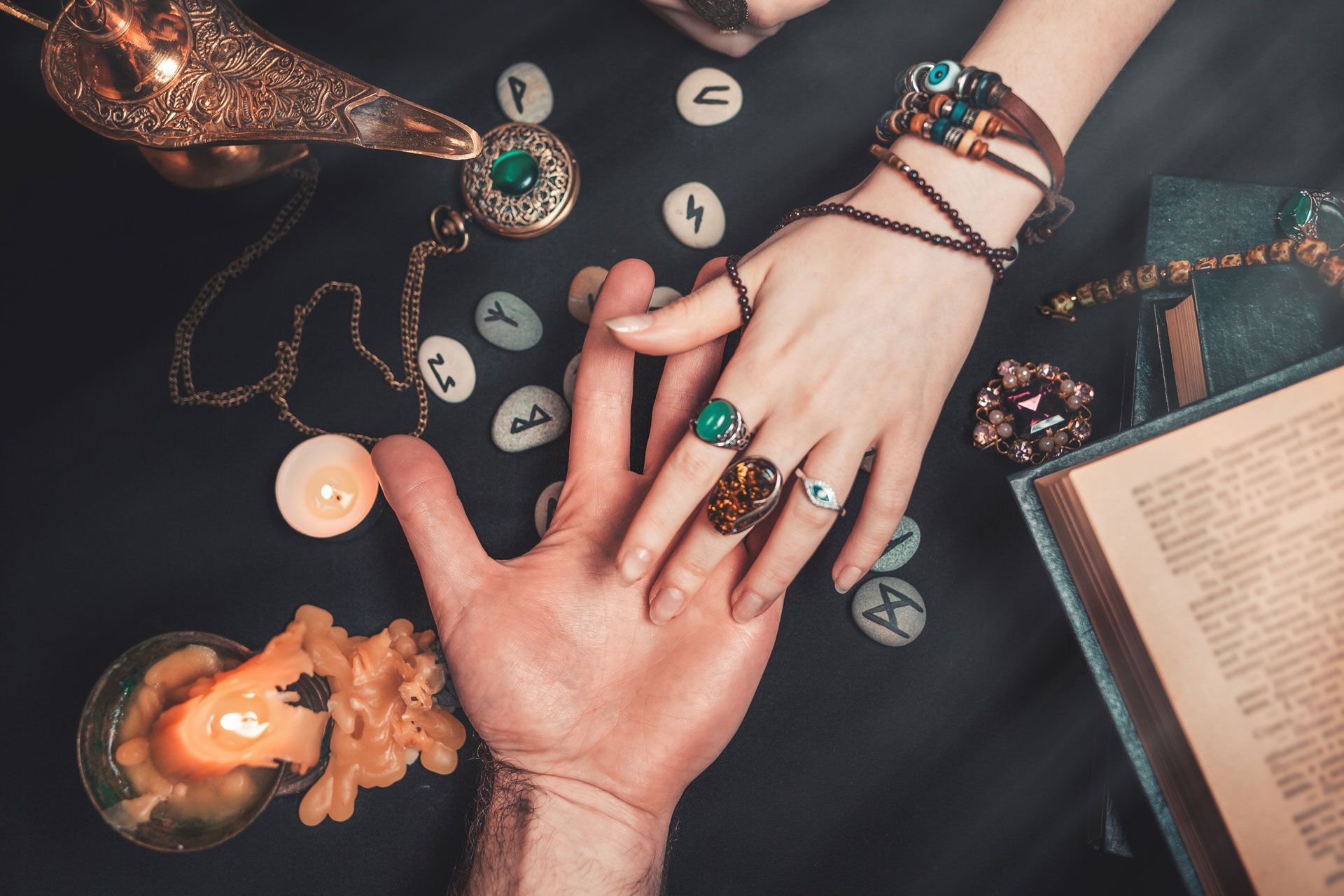 Hands of two people, palm-to-palm, surrounded by runes, candles, and jewelry on a dark table.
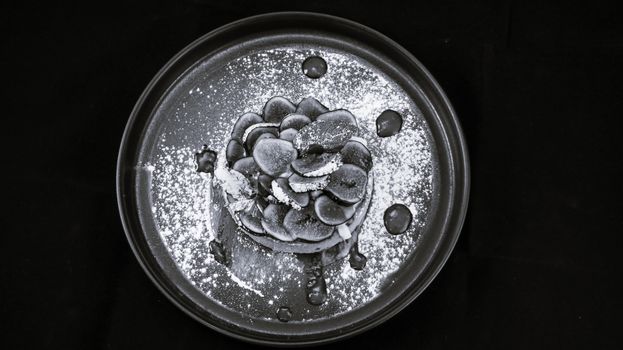 A monochrome view of a creatively styled dessert with fruit and powdered sugar on a plate.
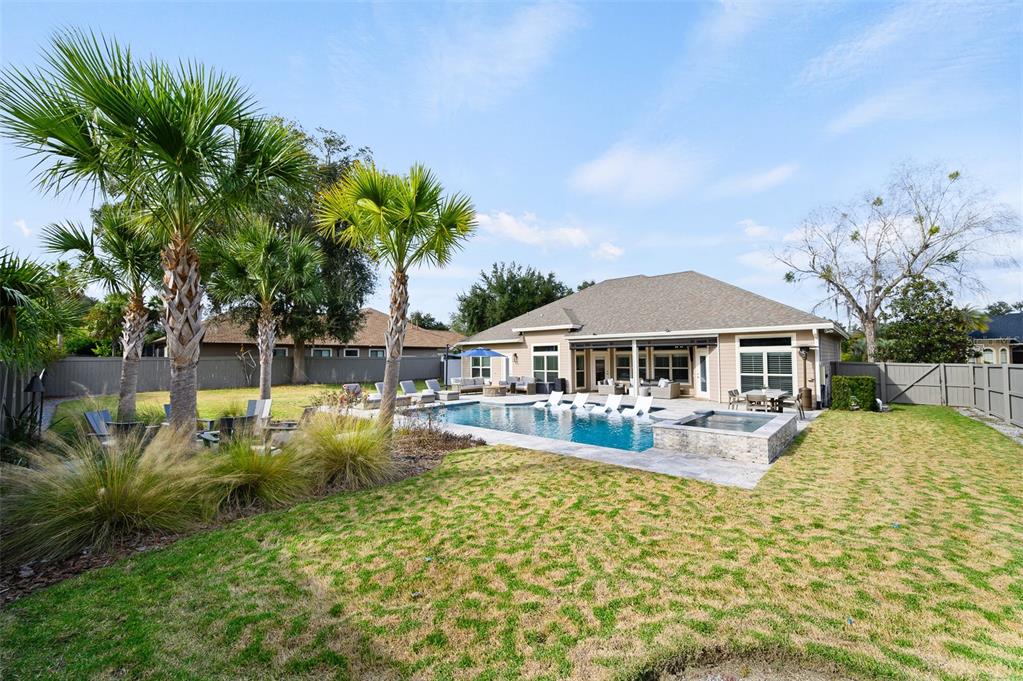 13549 Northwest 9 Road Newberry, FL 32669 - Photo 39 of 42 a view of a house with swimming pool and sitting area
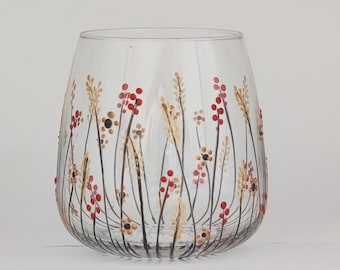 May include: A clear glass wine glass with a hand-painted design of red and yellow flowers on the side.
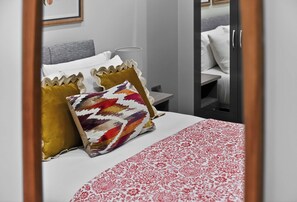 A hotel room with a bed, a nightstand, and a mirror.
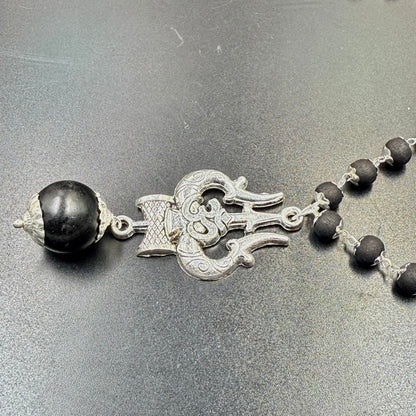 Karungali bead mala featuring Om Trishul metal pendant and black bead strand on grey surface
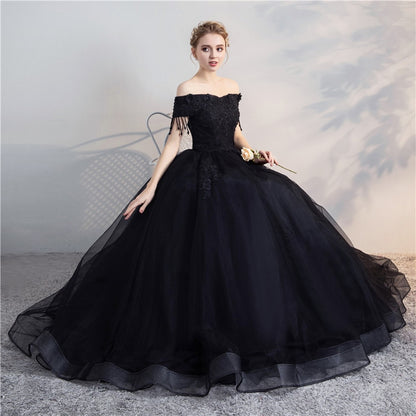 Black off-shoulder ball gown, lace top with fringe, voluminous layered tulle skirt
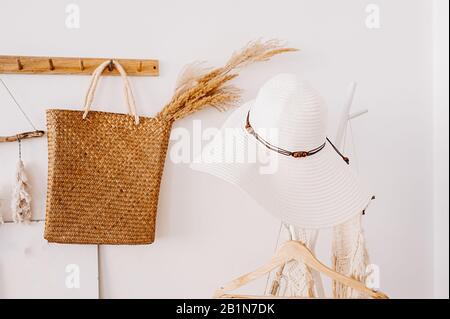 A white straw women's hat with wooden beads on a white hanger against a white wall and a straw brown bag with a bouquet of wheat and spikelets. Bohemi Stock Photo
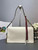 Prada 1BD378 Soft Sound large leather shoulder bag with charms White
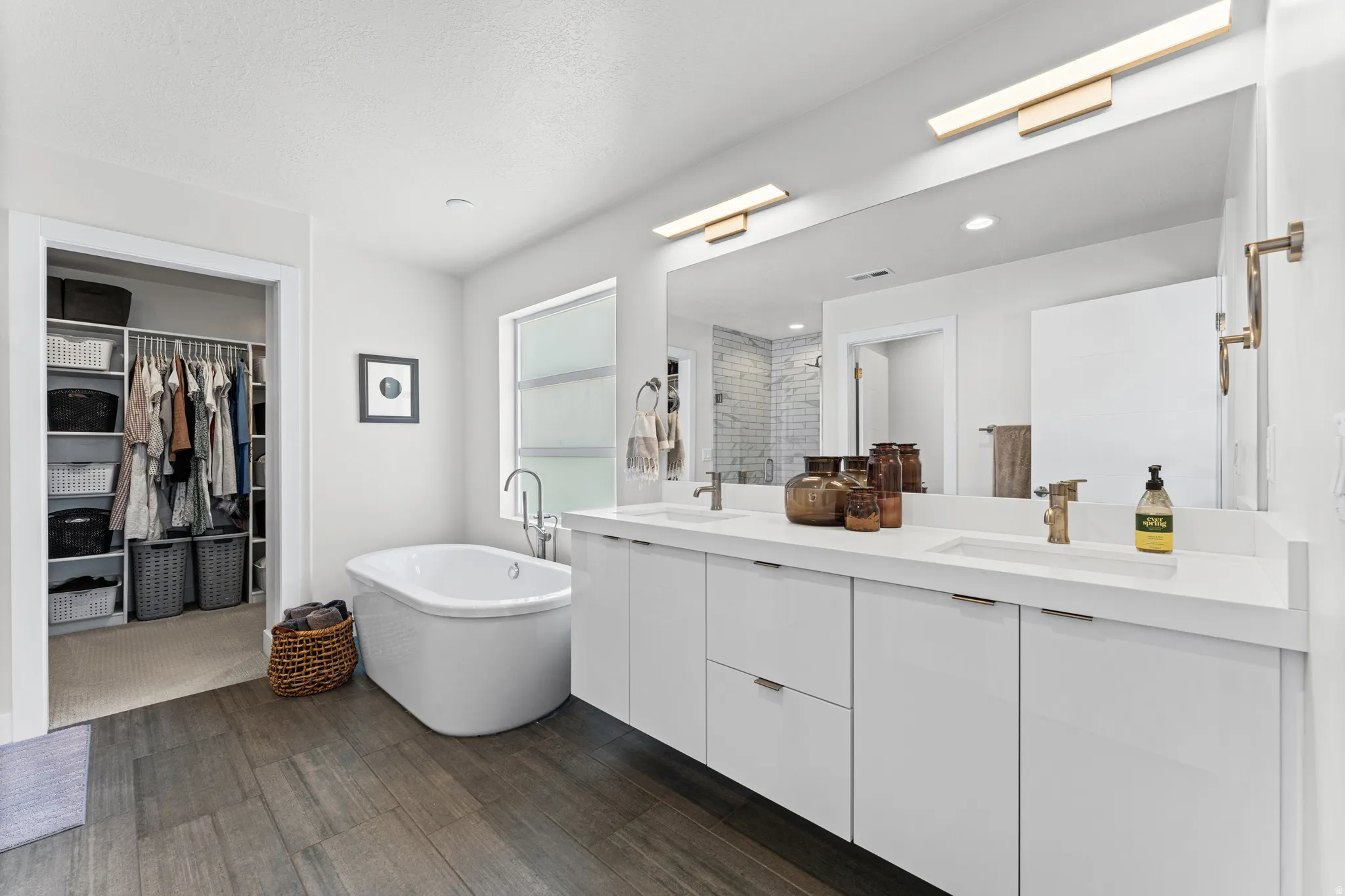 Contemporary bathroom featuring a freestanding soaking tub, wood-finish flooring, a double vanity with white cabinetry, and a large wall-mounted mirror with integrated lighting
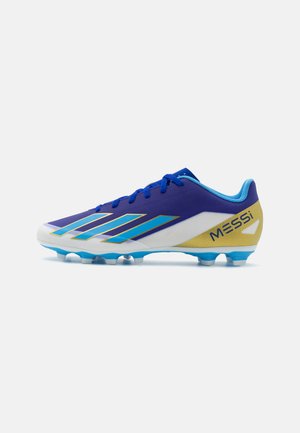 Botín de fútbol con una parte superior morada, acentos azules y un logotipo dorado. Presenta una superficie texturizada, seis tacos azules y un diseño aerodinámico.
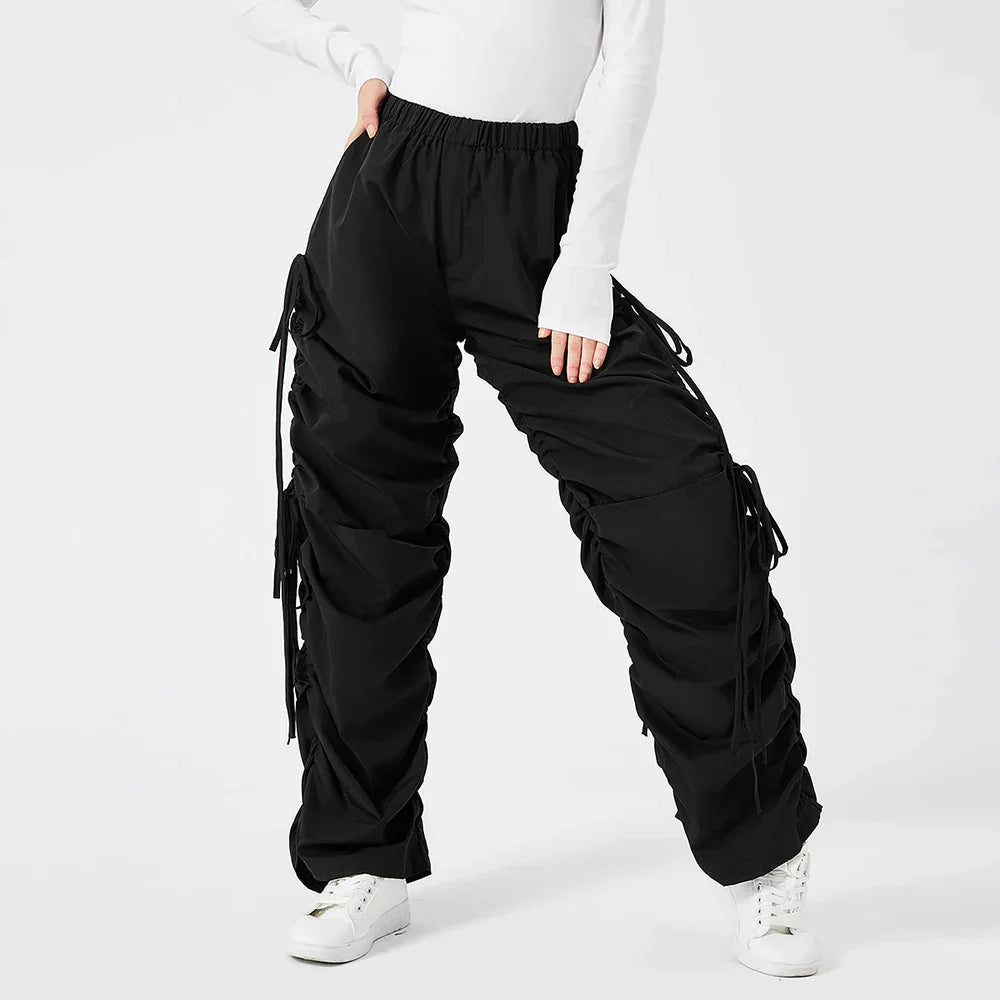Black ruched cargo pants with drawstring details worn with white sneakers and white long sleeve top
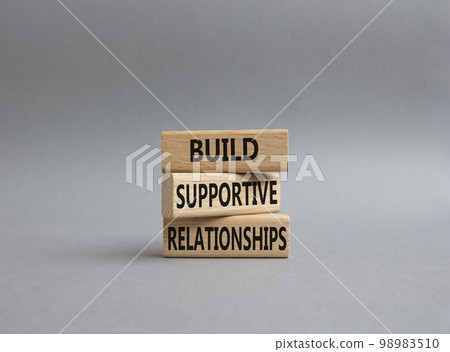 Build Supportive Ralationships symbol. Wooden blocks with words Build Supportive Ralationships. Beautiful grey background. Business and Build Supportive Ralationships. Copy space. Build Supportive Ralationships symbol. Wooden blocks with words Build Supportive Ralationships. Beautiful grey background. Business and Build Supportive Ralationships. Copy space. 98983510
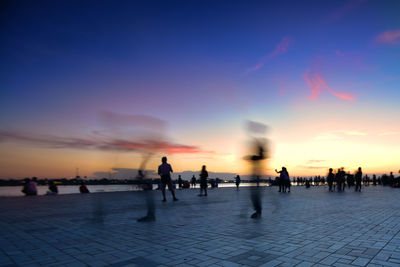 Silhouette people walking on orange sky during sunset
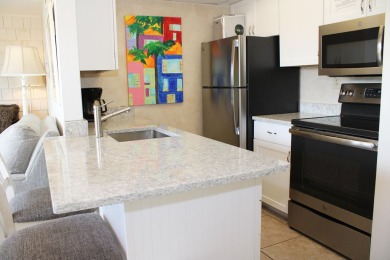 Charming 1-Bedroom Condo with Golf Course & Canal Views in on Sandpiper Cove Golf Course in Florida - for sale on GolfHomes.com, golf home, golf lot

----

● GOAL OF THE EXERCISE
Your answer must consist solely of the lines from the one containing "Contemporary bathroom featuring" through the last line of the records above, copied exactly, with every picture left out.

● SOLUTION FOR THIS EXERCISE
 Contemporary bathroom featuring a freestanding soaking tub, wood-finish flooring, a double vanity with white cabinetry, and a large wall-mounted mirror with integrated lighting
 Botín de fútbol con una parte superior morada, acentos azules y un logotipo dorado. Presenta una superficie texturizada, seis tacos azules y un diseño aerodinámico.
Black ruched cargo pants with drawstring details worn with white sneakers and white long sleeve top
 Build Supportive Ralationships symbol. Wooden blocks with words Build Supportive Ralationships. Beautiful grey background. Business and Build Supportive Ralationships. Copy space. Build Supportive Ralationships symbol. Wooden blocks with words Build Supportive Ralationships. Beautiful grey background. Business and Build Supportive Ralationships. Copy space. 98983510
 Silhouette people walking on orange sky during sunset
 Charming 1-Bedroom Condo with Golf Course & Canal Views in on Sandpiper Cove Golf Course in Florida - for sale on GolfHomes.com, golf home, golf lot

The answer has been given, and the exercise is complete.